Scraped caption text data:
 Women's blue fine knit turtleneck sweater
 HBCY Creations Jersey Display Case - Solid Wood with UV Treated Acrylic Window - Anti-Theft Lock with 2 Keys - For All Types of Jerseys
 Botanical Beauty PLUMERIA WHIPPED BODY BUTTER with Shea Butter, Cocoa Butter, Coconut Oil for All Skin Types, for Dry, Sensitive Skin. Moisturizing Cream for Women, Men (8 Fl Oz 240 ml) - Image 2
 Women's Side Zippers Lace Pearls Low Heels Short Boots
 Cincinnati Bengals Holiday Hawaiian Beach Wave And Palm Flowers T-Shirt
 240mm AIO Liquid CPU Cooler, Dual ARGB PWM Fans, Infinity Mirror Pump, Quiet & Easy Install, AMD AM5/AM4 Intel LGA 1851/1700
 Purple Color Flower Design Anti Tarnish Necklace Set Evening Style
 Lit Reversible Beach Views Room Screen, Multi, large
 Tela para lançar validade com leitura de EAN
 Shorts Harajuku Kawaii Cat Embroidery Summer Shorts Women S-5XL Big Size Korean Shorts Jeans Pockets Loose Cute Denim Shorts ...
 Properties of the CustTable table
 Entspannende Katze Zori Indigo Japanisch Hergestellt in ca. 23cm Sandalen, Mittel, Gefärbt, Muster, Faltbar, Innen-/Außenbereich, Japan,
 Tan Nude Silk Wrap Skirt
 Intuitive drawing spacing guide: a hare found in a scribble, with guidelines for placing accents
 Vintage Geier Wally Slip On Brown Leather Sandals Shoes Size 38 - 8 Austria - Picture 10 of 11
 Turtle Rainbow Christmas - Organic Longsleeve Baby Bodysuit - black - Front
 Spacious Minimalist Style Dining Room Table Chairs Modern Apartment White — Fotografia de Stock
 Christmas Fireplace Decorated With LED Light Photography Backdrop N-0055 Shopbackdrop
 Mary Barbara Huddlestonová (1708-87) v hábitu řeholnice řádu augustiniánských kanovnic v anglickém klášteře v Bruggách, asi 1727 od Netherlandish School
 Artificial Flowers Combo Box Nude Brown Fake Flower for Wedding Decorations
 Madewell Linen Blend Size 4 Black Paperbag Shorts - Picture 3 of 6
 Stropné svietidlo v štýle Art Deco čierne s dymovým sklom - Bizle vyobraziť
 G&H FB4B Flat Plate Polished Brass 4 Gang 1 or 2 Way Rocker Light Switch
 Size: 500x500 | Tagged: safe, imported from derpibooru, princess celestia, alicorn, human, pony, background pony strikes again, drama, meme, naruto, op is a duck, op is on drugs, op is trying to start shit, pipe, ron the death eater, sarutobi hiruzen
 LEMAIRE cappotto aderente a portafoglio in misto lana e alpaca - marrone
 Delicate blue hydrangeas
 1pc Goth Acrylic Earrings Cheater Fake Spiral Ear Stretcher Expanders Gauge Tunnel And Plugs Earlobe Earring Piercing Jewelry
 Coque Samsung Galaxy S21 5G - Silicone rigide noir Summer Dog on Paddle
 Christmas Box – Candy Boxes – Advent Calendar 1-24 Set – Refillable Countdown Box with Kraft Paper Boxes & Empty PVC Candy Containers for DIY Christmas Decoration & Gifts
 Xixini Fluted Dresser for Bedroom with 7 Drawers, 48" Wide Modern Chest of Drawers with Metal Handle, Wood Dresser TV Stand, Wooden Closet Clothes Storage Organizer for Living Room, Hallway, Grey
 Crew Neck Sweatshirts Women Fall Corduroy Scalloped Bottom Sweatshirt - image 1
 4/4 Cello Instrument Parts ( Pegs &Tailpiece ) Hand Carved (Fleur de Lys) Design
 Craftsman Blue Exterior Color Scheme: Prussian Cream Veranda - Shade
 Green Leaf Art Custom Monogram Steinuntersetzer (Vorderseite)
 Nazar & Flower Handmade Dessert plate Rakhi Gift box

• [Work order]
Only the lines above starting at the line that holds "Tela para lançar validade com leitura de EAN" and ending at the line that holds "Intuitive drawing spacing" are to be repeated, exactly and in full.

• [Task output]
 Tela para lançar validade com leitura de EAN
 Shorts Harajuku Kawaii Cat Embroidery Summer Shorts Women S-5XL Big Size Korean Shorts Jeans Pockets Loose Cute Denim Shorts ...
 Properties of the CustTable table
 Entspannende Katze Zori Indigo Japanisch Hergestellt in ca. 23cm Sandalen, Mittel, Gefärbt, Muster, Faltbar, Innen-/Außenbereich, Japan,
 Tan Nude Silk Wrap Skirt
 Intuitive drawing spacing guide: a hare found in a scribble, with guidelines for placing accents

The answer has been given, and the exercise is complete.